Mon Dec 4th through Sat the 9th, 2017 at Long Beach Convention Center
The paper introduces a computationally efficient decision tree algorithm for learning interval data outcomes. The paper is well written and provides useful illustrates to document the method. The method shows fine performance on simulated data and several real data sets.
The paper compares against other interval based prediction methods. However, several of them are not contrasted in the related work. Adding differentiating factors from those would strengthen the paper in identifying when to use MMIT.
While the paper is motivated heavily by survival analysis, the algorithm was not demonstrated on classic survival data sets (e.g. UCI thoracic surgery, PBC, etc.). It is not clear why not, given the motivation and that the algorithm appears to work with intervals defined as y_= y-.
In survival analysis one is typically interested in rate estimation and risk attribution. In this case, the method would predict a time of event. I imagine risk attribution would be done in the same way as, e.g. random survival forests.
Decision trees can be limited in their performance. Food for thought: how might you extend this to MMI forests?
The authors of this paper present a new decision tree algorithm for the interval regression problem. Leaves are partitioned using a margin based hinge loss similar to the L1-regularized hinge loss in Rigaill et al, Proc ICML 2013. However, the regression tree algorithm presented in this work is not limited to modeling linear patterns as the L1-regularized linear models in Rigaill et al. For training the non linear tree model, a sequence of convex optimization subproblems are optimally solved in log-linear time by Dynamic Programming (DP). The new maximum margin interval tree (MMIT) algorithm is compared with state-of-the-art margin-based and non-margin-based methods in several real and simulated datasets.
- In terms of originality, the proposed margin based hinge loss is similar to the L1-regularized hinge loss in Rigaill et al, Proc ICML 2013. However, the regression tree algorithm presented in this work is not limited to modeling linear patterns as the L1-regularized linear models in Rigaill et al. MMIT achieves low test errors on nonlinear datasets and yields accurate models on simulated linear datasets as well.
- In terms of significance: interval regression is a fundamental problem in fields such as survival analysis and computational biology. There are very few algorithms designed for this task, and most of them are linear models. A method learning nonlinear tree models like Maximum Margin Interval Trees (MMIT) could be helpful for practitioners in the field.
- It terms of quality, the paper is fairly executed, the authors compare MMIT with state-of-the-art margin-based and non-margin-based methods in several real and simulated datasets. The 11-page supplementary material contains proofs, pseudocode, details of the open source implementation (link was hidden for anonymity) and of the experiments.
- In terms of clarity, this is a well written paper.
In summary, my opinion is that this is a well written and nicely organized work; the proposed method would be useful in real-world applications, and the novelty of the work satisfies the NIPS standards. Thus I recommend this work for publication.
Maximum Margin Interval Trees
In this paper the authors study interval regression problems, where
each example is associated with a range output instead of a single
point. Specifically, the authors investigate how to modify trees to
produce such output by minimizing a modified sum of hinge losses. The
key contribution of the paper is a dynamic programming algorithm that
efficiently constructs these trees. The authors provide experimental
results on a variety of simulated and real datasets.

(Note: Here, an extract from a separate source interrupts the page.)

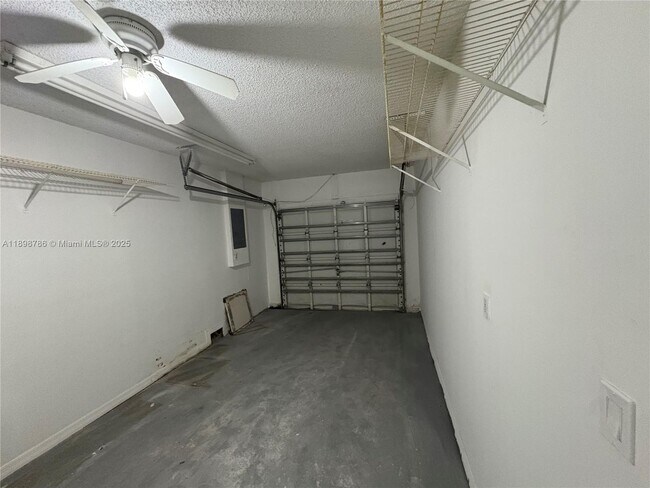 Building Photo - 14845 SW 36th Terrace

This is a generally well written paper, though it gets a little
subscriptitis in 4.1-4.2. The algorithm seems sound and the
experiments do a good job of comparing the approach to a reasonable
set of baselines on a variety of datasets along both accuracy and time
complexity metrics (which is the key selling point of the paper).
I did have some questions that the authors could clarify:
1. What is epsilon in the experiments? How was it chosen? What is the
effect of varying it?
2. What changes if the breakpoints are not all different (line 117)?
3. Does the algorithm work for trees with nonconstant leaves? (a model
tree of some sort) What would need to change?
4. The choice of the examples with CART in the experiments seems
rather strange. I think a baseline with CART where the examples are
(x, (y_low+y_high)/2) would make more sense.
5. Along the same lines, would just building two trees one for y_low
and the other for y_high work? I'm not very convinced we need a separate
method just for this kind of problem.
To summarize, this is a nice paper that proposes and studies an
algorithm for learning interval trees and supports it with
experimental results. Some key clarifications and experimental
modifications would make the paper stronger.
After feedback: The authors have clarified several questions I had, and I have upgraded my score to take this into account.